A word, phrase, logo, or other graphic symbol used by a manufacturer or seller to distinguish its product or products from those of others.
Trademarks must be used to identify the source of the goods. Trademarks are protected even without registration. Use of a trademark grants certain rights in the location where the trademark is used. These are called common law rights. They are state rights. This is discussed some in the Limited Liability Episode of the Podcast. Registering a trademark, either with the state or the United States Patent and Trademark Office, takes some consideration.
There are several issues, however, when you consider registering your trademark. To begin, it is important to note that there are two types of trademarks you can register: the “standard character” or the “special form”. This distinction is very important for the startup because of the changes your brand may undergo initially.
In some instances, it is very important to ensure you have protected a particular business name or product line because it could get snatched up or you are trying to trade on something that is popular or time sensitive, in that way you need to consider the standard character registration swiftly.

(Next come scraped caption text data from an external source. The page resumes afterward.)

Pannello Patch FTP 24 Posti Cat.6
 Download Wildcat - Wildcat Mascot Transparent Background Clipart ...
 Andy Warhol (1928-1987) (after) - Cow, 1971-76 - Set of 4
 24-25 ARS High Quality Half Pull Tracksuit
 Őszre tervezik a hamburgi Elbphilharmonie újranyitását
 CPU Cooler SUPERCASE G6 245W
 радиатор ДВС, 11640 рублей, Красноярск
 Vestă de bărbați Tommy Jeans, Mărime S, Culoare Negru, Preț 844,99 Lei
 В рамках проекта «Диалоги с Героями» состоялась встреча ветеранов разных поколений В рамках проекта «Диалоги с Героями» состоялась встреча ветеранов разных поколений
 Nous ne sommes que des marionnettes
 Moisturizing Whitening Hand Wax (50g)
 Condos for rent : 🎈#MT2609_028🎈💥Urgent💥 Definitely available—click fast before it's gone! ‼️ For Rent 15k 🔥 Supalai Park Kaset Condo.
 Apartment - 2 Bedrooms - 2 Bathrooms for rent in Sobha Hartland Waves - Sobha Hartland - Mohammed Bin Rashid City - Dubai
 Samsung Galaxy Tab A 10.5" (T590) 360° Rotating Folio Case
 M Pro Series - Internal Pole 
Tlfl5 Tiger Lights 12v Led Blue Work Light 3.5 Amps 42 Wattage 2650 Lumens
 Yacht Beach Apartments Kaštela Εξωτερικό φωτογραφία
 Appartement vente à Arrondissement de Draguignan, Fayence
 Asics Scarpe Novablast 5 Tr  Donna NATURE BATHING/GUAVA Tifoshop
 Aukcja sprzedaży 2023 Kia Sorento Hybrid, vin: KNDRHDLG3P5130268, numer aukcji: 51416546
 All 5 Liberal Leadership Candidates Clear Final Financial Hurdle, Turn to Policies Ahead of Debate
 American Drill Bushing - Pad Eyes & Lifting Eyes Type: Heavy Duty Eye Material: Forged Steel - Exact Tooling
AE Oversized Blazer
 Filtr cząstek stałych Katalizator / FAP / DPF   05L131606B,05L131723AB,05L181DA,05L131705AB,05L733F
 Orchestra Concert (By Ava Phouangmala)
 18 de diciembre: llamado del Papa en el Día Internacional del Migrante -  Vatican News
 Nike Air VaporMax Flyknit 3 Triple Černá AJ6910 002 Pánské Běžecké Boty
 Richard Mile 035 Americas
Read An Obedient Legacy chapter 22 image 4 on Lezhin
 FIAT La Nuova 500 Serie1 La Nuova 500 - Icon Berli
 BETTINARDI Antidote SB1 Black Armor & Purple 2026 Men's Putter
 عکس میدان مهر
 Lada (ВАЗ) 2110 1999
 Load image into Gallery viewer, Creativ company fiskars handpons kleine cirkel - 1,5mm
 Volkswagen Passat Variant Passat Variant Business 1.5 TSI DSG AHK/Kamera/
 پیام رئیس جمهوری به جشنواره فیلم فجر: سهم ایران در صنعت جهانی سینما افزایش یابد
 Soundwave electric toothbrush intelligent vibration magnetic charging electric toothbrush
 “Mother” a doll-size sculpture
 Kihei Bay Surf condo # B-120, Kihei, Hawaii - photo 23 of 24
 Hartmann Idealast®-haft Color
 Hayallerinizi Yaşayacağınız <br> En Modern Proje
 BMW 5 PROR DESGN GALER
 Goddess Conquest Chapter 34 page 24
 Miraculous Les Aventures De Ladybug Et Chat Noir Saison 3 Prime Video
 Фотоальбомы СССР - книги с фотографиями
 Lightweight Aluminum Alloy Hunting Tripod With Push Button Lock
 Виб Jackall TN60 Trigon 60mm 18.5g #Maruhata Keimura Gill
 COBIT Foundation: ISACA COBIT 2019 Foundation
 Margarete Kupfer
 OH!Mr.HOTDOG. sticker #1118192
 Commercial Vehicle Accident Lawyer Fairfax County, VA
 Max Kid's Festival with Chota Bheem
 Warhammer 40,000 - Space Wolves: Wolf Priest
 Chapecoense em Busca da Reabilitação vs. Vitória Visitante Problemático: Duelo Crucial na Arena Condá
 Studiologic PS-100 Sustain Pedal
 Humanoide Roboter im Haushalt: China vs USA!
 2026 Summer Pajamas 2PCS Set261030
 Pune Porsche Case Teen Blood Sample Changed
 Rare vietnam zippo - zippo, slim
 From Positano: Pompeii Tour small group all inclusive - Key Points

A standard character mark is a mark that encompasses the words in any form. That means that your logo can change, but you do not have to register the mark again.
The special form mark, however, is the expression of your trademark in whatever form you register. That means that you will be stuck with a logo that will cost you a lot to change because you will need to register any new versions. Sometimes, it is beneficial to file for both to make sure that you have protected your special design and your words.
Sometimes the decision depends on what a thorough search of the Trademark Registry to determine how you can make your mark effective.